Semantic relations expressed by subordinating unions:

• Temporary: when, while, hardly, only, while, only, just, slightly
• Causal: because, because, because, in view of the fact that, due to the fact that, due to the fact that, because (obsolete), due to the fact that
• Conditional: if (if, if, if - outdated.), if, once, how soon
• Target: so that, in order to, so that (obsolete), in order to, in order to
• Consequences: so
• Concessions: although despite the fact that
• Comparative: as, as if, as if, exactly, than, as if, like, rather than (obsolete)
• Explanatory: what, how to
• Conjunctions are not used at the beginning of a sentence: so, than, than, as well as explanatory conjunctions: what, how, to.

Evaluation

two parts, including 19 tasks. Part 1 Part 2

3 hours 55 minutes(235 minutes).

Answers

But you can make a compass Calculators on the exam not used.

the passport), pass and capillary or! Allowed to take with myself water(in a transparent bottle) and food

The examination paper consists of two parts, including 19 tasks. Part 1 contains 8 tasks of a basic level of complexity with a short answer. Part 2 contains 4 tasks of an increased level of complexity with a short answer and 7 tasks of a high level of complexity with a detailed answer.

For execution examination work in mathematics 3 hours 55 minutes(235 minutes).

Answers to tasks 1–12 are recorded as an integer or ending decimal. Write the numbers in the answer fields in the text of the work, and then transfer them to the answer sheet No. 1 issued during the exam!

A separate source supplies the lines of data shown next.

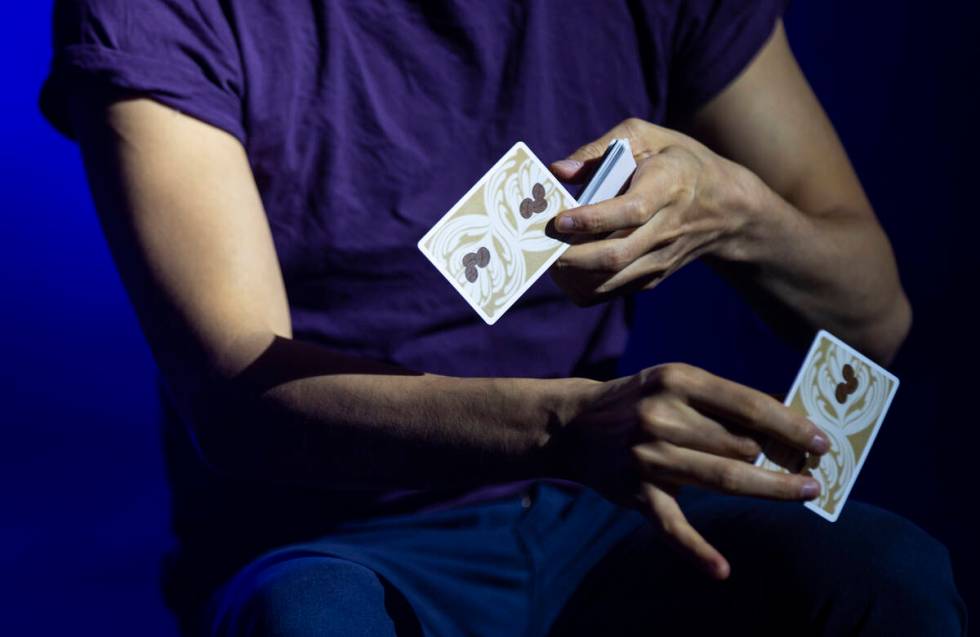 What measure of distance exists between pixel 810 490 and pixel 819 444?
0.13 ft

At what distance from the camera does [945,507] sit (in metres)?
1.71

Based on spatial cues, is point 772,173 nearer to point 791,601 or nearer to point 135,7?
point 791,601

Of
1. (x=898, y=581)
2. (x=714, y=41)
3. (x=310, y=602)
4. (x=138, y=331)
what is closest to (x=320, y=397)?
(x=310, y=602)

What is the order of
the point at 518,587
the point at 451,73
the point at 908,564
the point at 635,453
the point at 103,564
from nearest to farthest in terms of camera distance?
the point at 635,453
the point at 908,564
the point at 518,587
the point at 451,73
the point at 103,564

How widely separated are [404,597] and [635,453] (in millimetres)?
273

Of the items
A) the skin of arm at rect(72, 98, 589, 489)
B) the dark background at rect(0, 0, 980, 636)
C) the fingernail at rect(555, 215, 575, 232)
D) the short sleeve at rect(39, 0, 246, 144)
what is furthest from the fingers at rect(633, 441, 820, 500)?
the dark background at rect(0, 0, 980, 636)

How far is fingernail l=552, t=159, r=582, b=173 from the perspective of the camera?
1.05m

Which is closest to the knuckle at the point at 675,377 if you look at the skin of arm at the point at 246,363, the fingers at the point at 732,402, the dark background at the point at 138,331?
the fingers at the point at 732,402

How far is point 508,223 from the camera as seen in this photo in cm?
104

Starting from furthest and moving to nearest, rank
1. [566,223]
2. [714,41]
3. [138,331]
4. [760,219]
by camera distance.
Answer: [138,331], [714,41], [760,219], [566,223]

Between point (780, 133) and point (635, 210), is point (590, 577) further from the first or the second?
point (780, 133)

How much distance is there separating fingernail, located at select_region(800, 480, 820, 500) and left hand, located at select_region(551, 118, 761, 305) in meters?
0.24

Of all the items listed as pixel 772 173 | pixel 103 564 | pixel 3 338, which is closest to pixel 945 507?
pixel 772 173

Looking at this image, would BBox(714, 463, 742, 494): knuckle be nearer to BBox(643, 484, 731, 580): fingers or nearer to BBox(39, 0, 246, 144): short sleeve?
BBox(643, 484, 731, 580): fingers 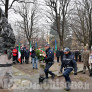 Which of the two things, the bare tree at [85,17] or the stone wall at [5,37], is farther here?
the bare tree at [85,17]

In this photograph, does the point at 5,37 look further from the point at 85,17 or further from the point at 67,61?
the point at 85,17

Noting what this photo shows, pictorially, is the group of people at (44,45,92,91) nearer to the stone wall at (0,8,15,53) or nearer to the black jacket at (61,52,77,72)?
the black jacket at (61,52,77,72)

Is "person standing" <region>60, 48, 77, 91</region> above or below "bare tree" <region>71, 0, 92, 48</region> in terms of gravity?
below

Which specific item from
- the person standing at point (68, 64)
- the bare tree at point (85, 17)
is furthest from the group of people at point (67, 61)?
the bare tree at point (85, 17)

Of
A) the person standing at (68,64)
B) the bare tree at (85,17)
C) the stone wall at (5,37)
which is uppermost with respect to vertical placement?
the bare tree at (85,17)

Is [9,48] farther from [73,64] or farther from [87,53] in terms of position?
[87,53]

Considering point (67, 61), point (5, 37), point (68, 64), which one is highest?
point (5, 37)

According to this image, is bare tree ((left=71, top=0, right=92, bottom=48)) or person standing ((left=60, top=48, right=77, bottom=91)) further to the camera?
bare tree ((left=71, top=0, right=92, bottom=48))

When doing work, you can use the ones issued with the work. You can only use a ruler, but you can make a compass with your own hands. It is forbidden to use tools with reference materials. Calculators on the exam not used.

You must have an identity document with you for the exam. the passport), pass and capillary or gel pen with black ink! Allowed to take with myself water(in a transparent bottle) and food(fruit, chocolate, buns, sandwiches), but may be asked to leave in the hallway.